Elk tourism skyrocketing
While the elk have created hardship for some area residents, they’ve opened up opportunity for others, especially those whose livelihoods depend on tourism.
In 2000, the year before the first elk were released, the Cataloochee area of the park saw a total of 65,432 visits. The next year, that figure nearly doubled to 124,844. In 2003 Cataloochee saw its highest visitation ever, with 214,000 visitors. In recent years, Cataloochee’s popularity has moderated somewhat to hang mostly between 90,000 and 100,000, which makes sense — Cataloochee is one of the more difficult park entrances to reach, and with the success of the herd elk can now be seen at the much more easily-accessible Oconaluftee Visitor Center.

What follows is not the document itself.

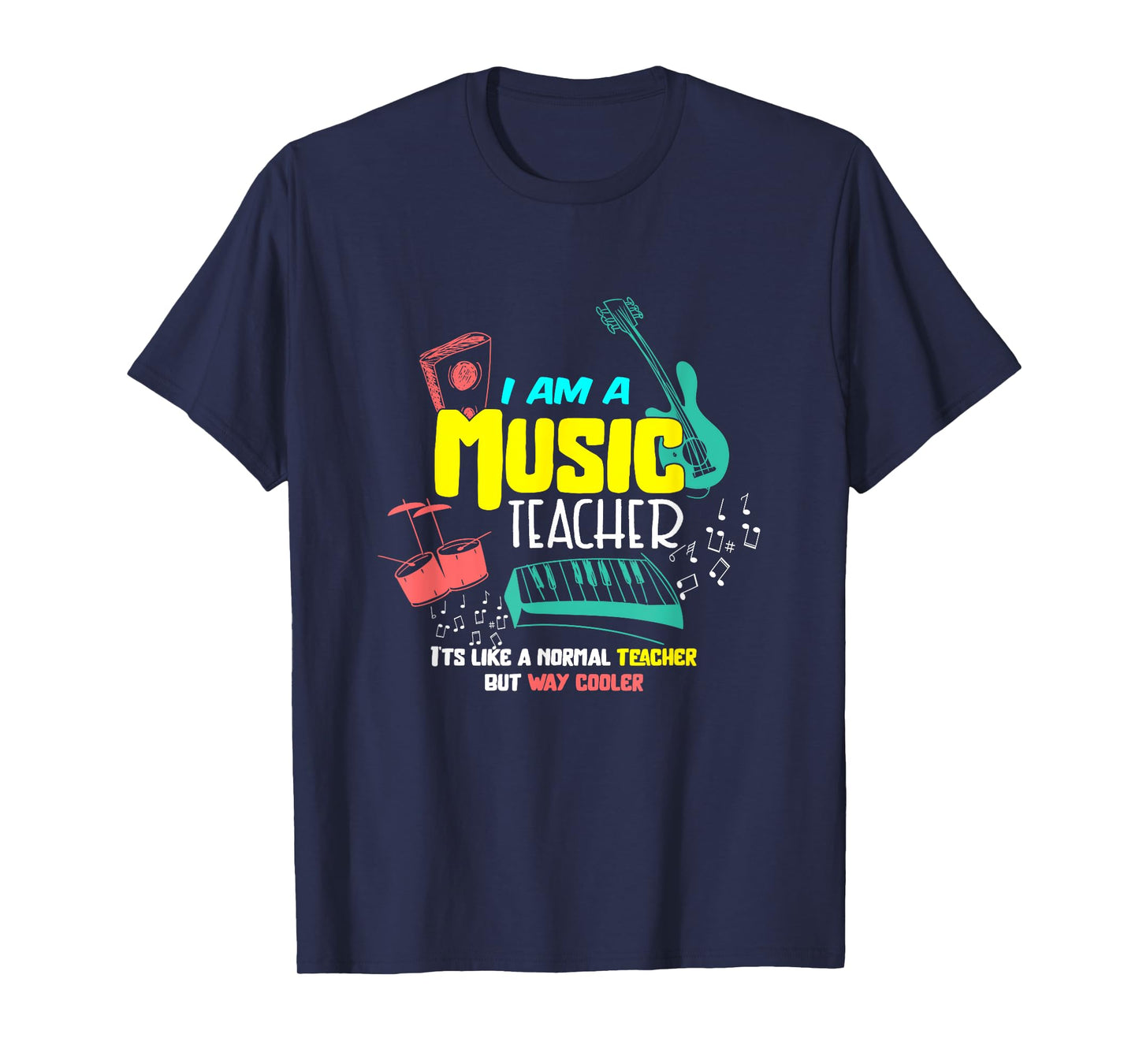 Music Theory Musician Music Teacher Funny Musical Instructor T-Shirt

But that hasn’t stopped Haywood County from working to capitalize on its status as the elk’s first home in North Carolina. The county’s Tourism Development Authority prominently features a bugling elk on its logo, and this September it will hold the first-ever Smoky Mountain Elk Fest in Maggie Valley. Legislation currently in the General Assembly seeks to christen Haywood County Elk Capital of North Carolina — it’s awaiting a vote from the Senate after the House gave a unanimous yea.
“To see my first elk, I drove 2,200 miles,” Joyce Cooper, co-chair of the Great Smoky Mountains Chapter of the Rocky Mountain Elk Foundation told SMN for a story published Feb. 13 of this year. “Now I can drive 5 miles and see an elk. I’ve had elk on my property. They’ve been grazing on my hayfield, which I never dreamed would happen in my lifetime.”